Rocco cleared his throat. “If Naomi is here and so is the lion, that means one of you, or both, will stand against him. Without weapons.”
“Then we’ll both die,” I said.
Rocco shook his head. “Not if he goes after one man, leaving the other the chance to touch the doors. If you touch the doors before he attacks, they will open and you will be saved.”
“This particular lion is not truly wild,” Donato said, his eyes serious. “He was raised in captivity, by Naomi.”
“This is why Valerio and Naomi are not together,” Rocco said.
“A lion came between them,” I said, trying to be sarcastic but not.
Valerio was one of our many cousins, who was also considered royalty in Spain. His father was blood-related to us, but his mother was a princess. I didn’t have all the facts, and in the moment, I didn’t care about specifics. I was about to come face to face with the true King of Beasts. They might bring my remains to my wife in a plastic bag once this was over.

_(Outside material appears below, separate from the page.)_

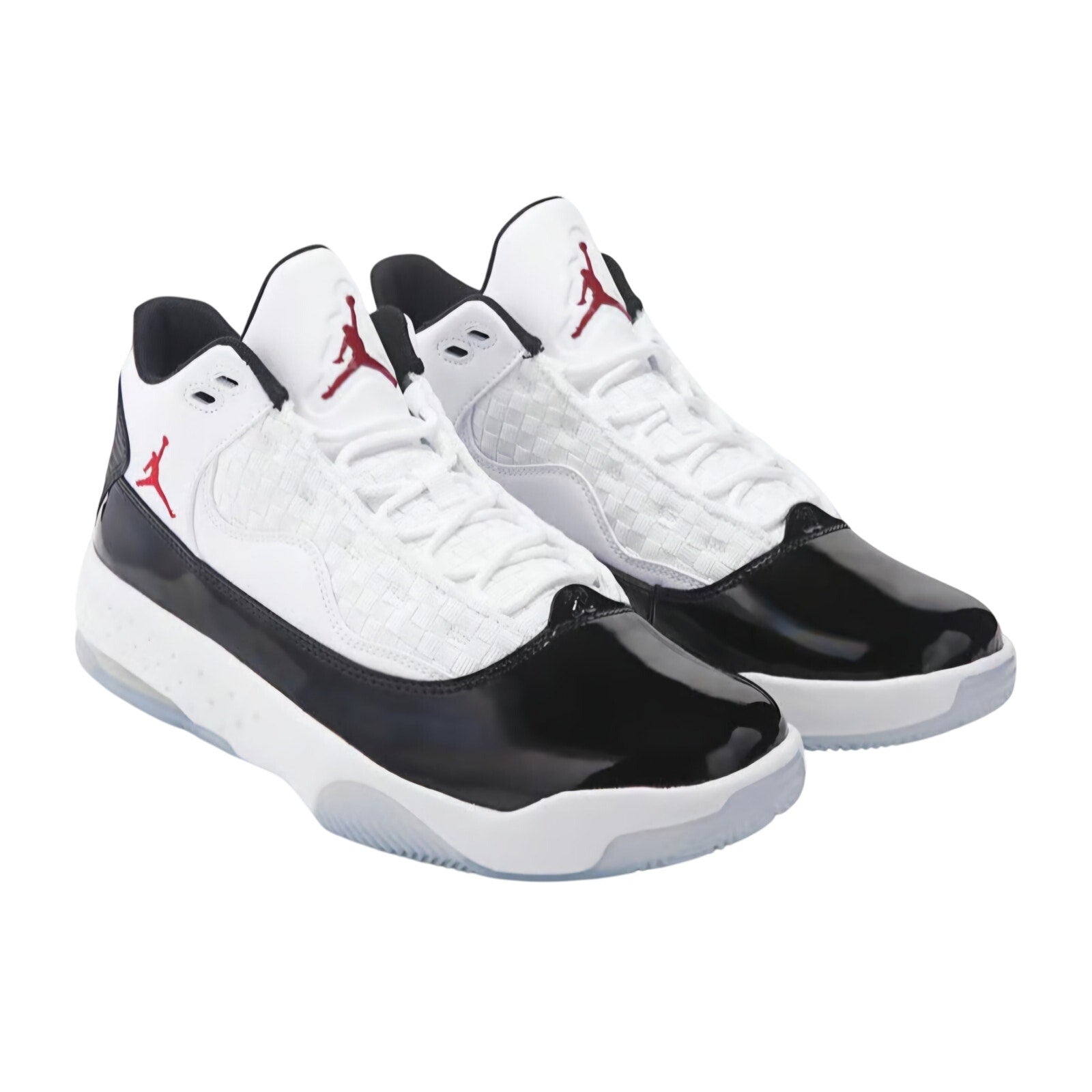 JORDAN MAX AURA 2 - MENS 12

“Many,” Dario said, answering my remark but not.
“He is wild,” Rocco said, picking up on the thread. “Even if he no longer lives in the wild. And he does not like men, in particular. Especially when one gets too close to Naomi.”
Naomi and the beast went to pass, but she stopped, staring at me. The lion in the cage went berserk, stealing my attention for a second, before I met her eyes again. The men who were rolling the cage on wheels stopped at her command. The lion paced in his confines, watching us, roaring every couple of seconds.